From my experience with DOL audits, they tend to be fairly strict when it comes to the timing of elective deferrals, even for small amounts. Unlike the IRS, which sometimes allows you to rely on correction programs (like the EPCRS) with certain limits, the DOL often expects plan sponsors to correct late contributions back to the date the deferrals should have been made, regardless of statute of limitations.
That said, DOL examiners will usually consider whether the amounts involved are truly de minimis and whether the plan sponsor acted in good faith once the issue was discovered. Since you already corrected the deferrals from 2000 onward and the amounts for 1999 are small, it may be possible to negotiate a resolution that limits the liability or reduces penalties. Having thorough documentation showing your intent to comply and the steps taken to correct the issue helps a lot in these discussions.

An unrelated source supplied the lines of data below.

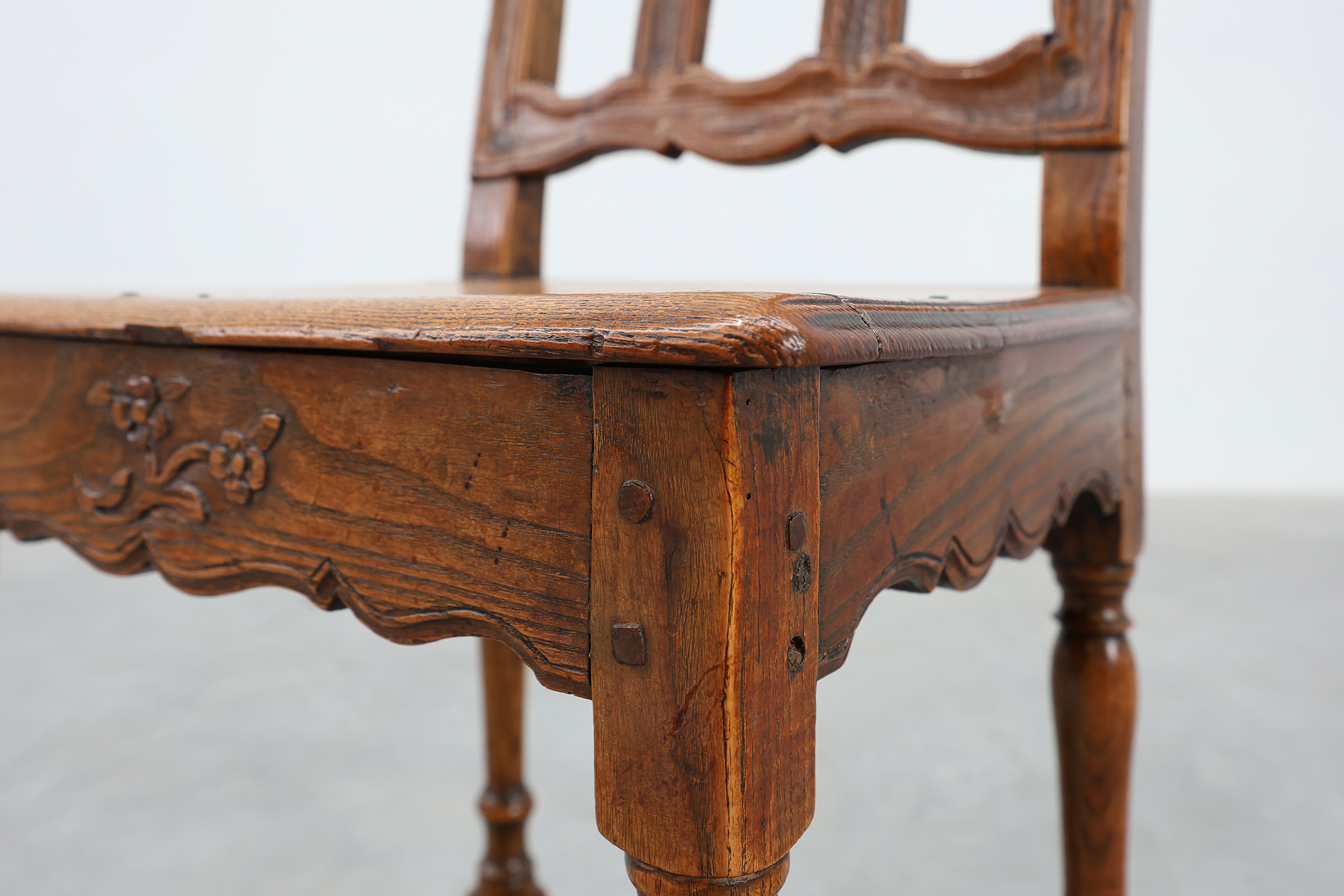 Antique carved oak side chair, France 18th century thumbnail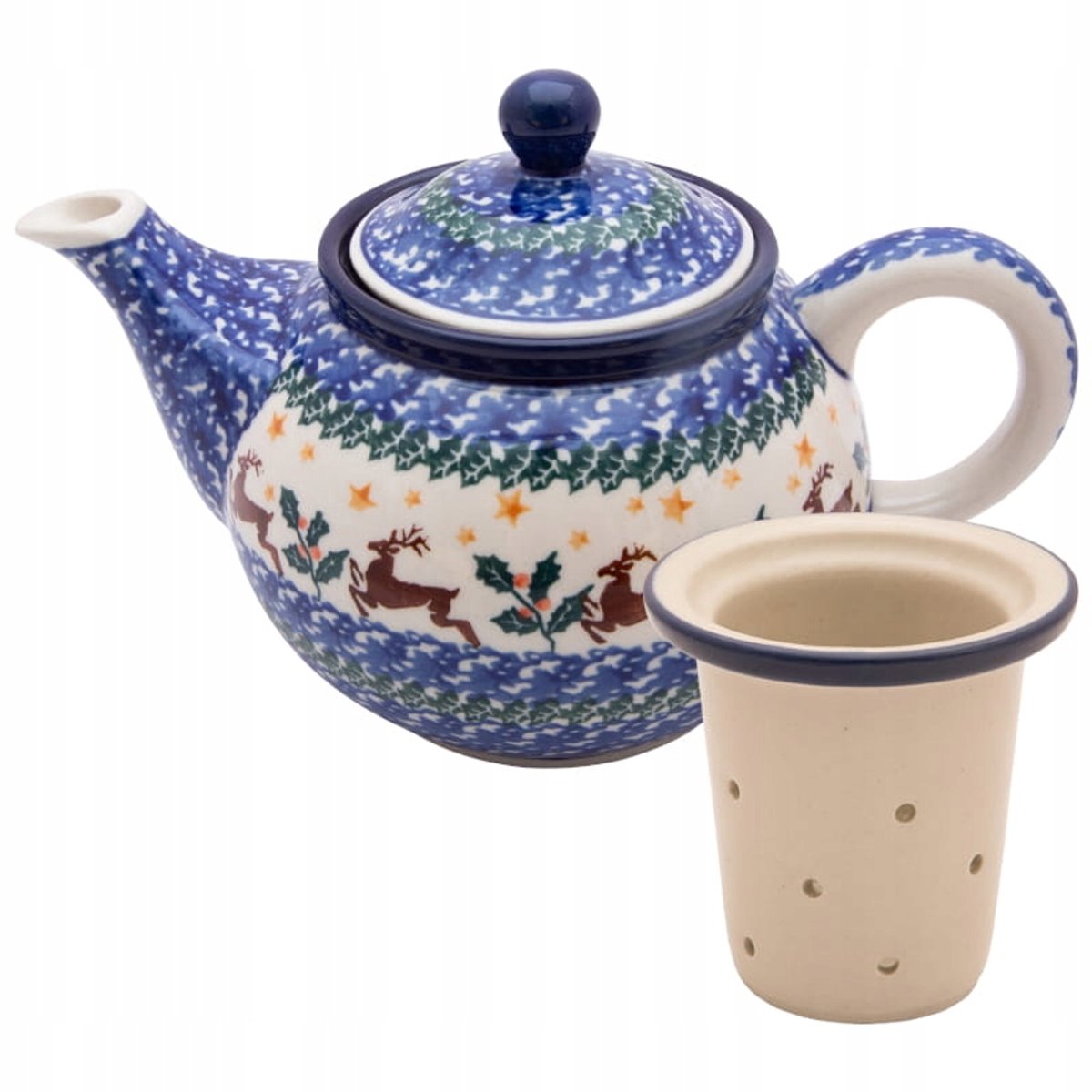 Merkloos Theepot met Zeef, 800 ml, Handgemaakt, Kerstdecoratie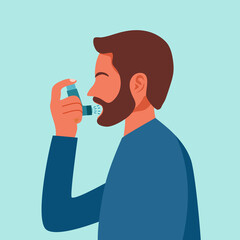 Man using asthma inhaler against allergic attack in flat design. - obrazy, fototapety, plakaty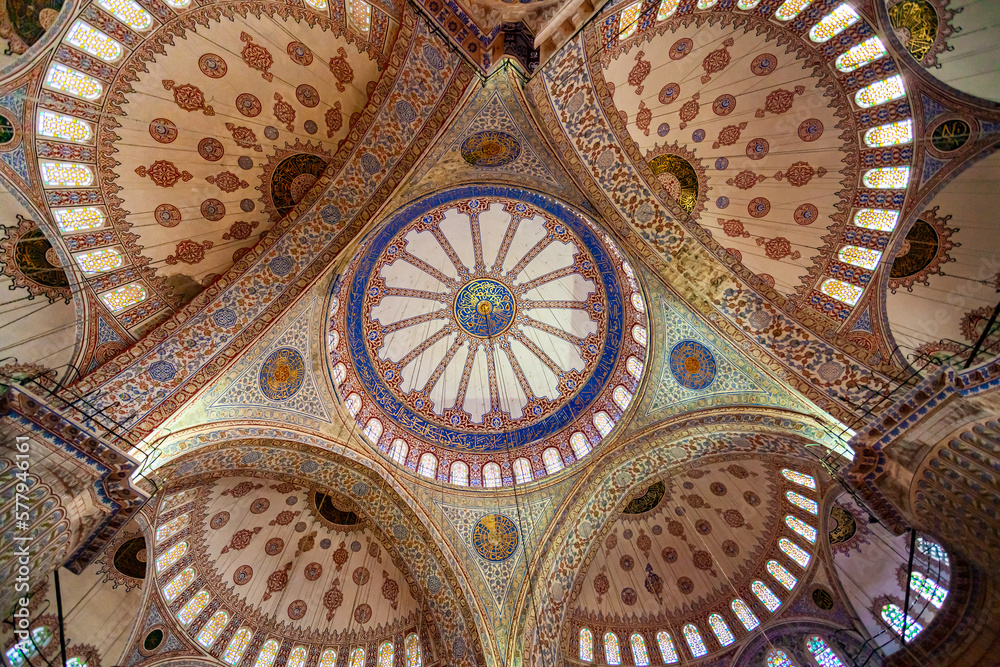 View of interior geometric painting at the ceiling of Blue Mosque or Sultan Ahmed Mosque in Istanbul, Turkey.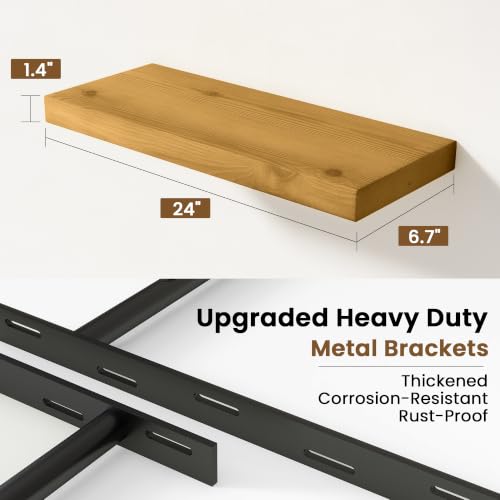 Solid Wood Floating Shelves for Wall 24 inch,Natural Wooden Shelf Set of 2 - color: Natural, size: 24inches-2P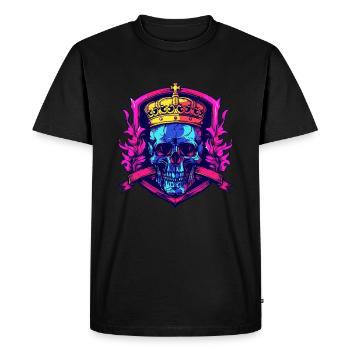 King Skeleton Crown - Men's Premium Organic T-Shirt - black - Front - Nico (187cm)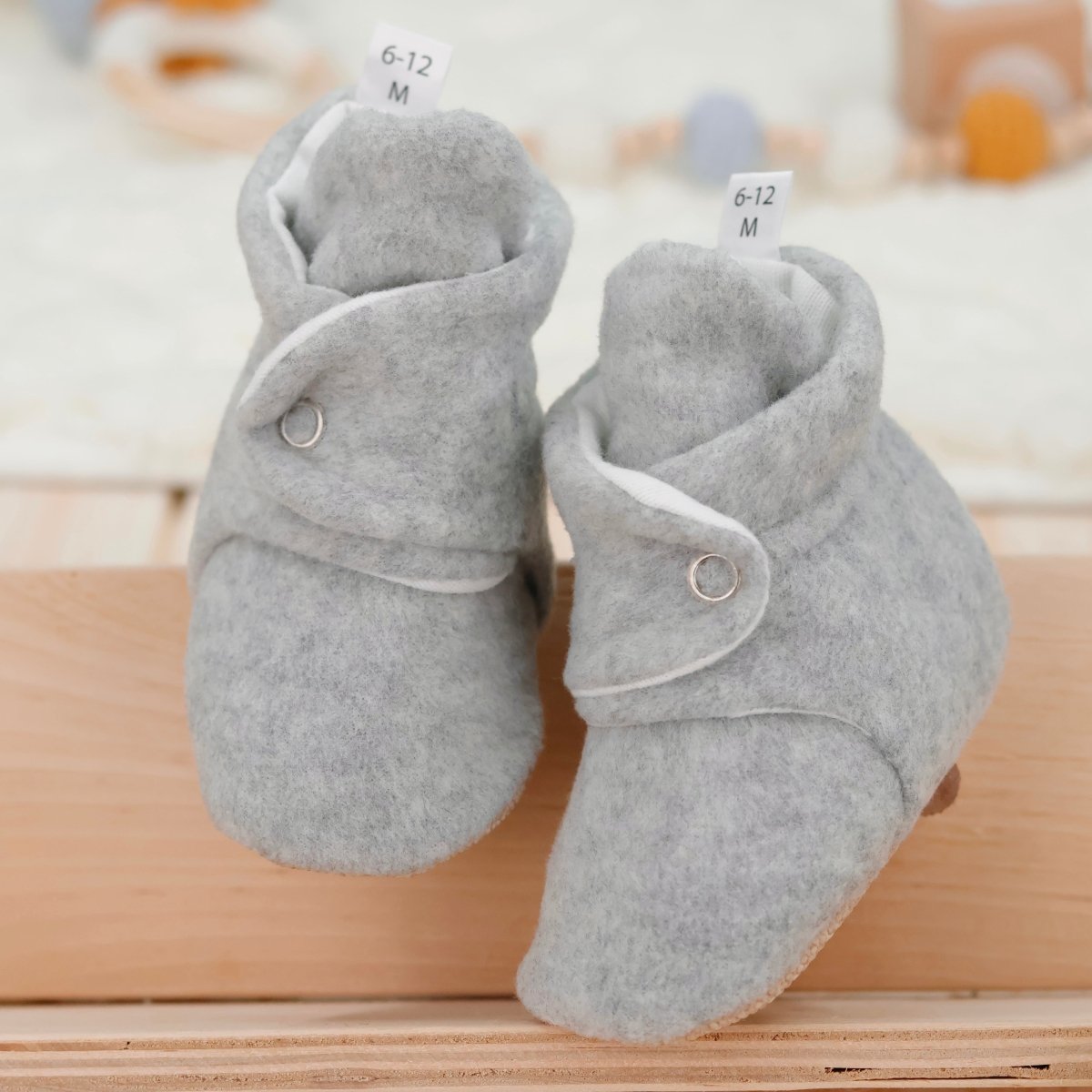 Organic Baby Booties, Newborn Booties Basic, Gray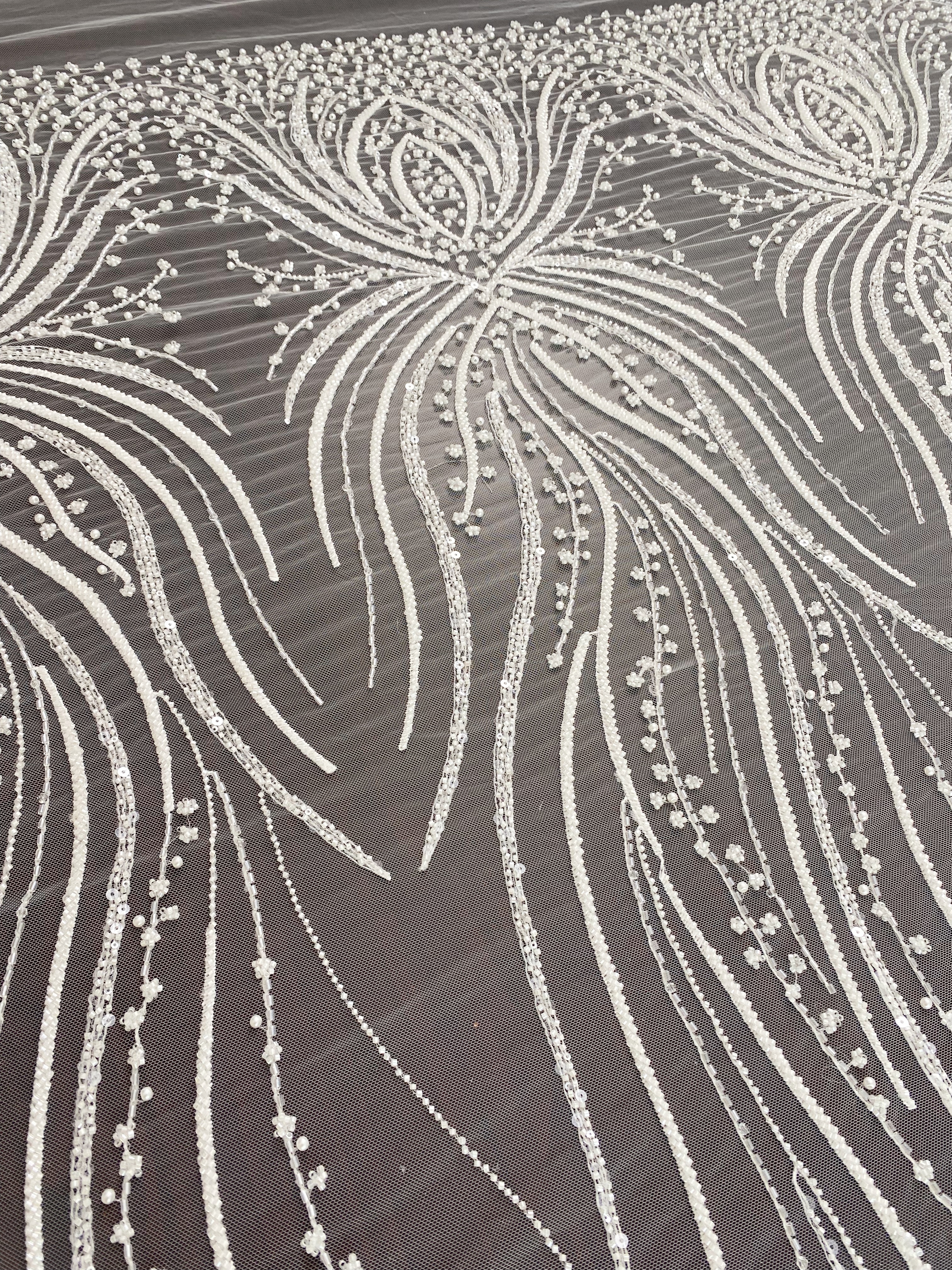 Heavy Beaded Lace Fabric, Stripe Lace on Soft Mesh for Bridal Wedding Dress, Prom Dress, 3D Beading Flower Embroidery Tulle Lace by the yard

In practice, many small companies end up paying the owed contributions for the earliest period if the amounts are minor, but you can often avoid additional penalties if you demonstrate prompt corrective action and cooperation. Essentially, it’s a balance between minimizing administrative burden and satisfying the DOL that you are acting responsibly.
A good approach is to provide a clear explanation of your correction process, the relative size of the 1999 amount, and ask if they would consider this sufficient to close the issue. Often, they will be reasonable if the amounts are small and there’s a documented good-faith effort.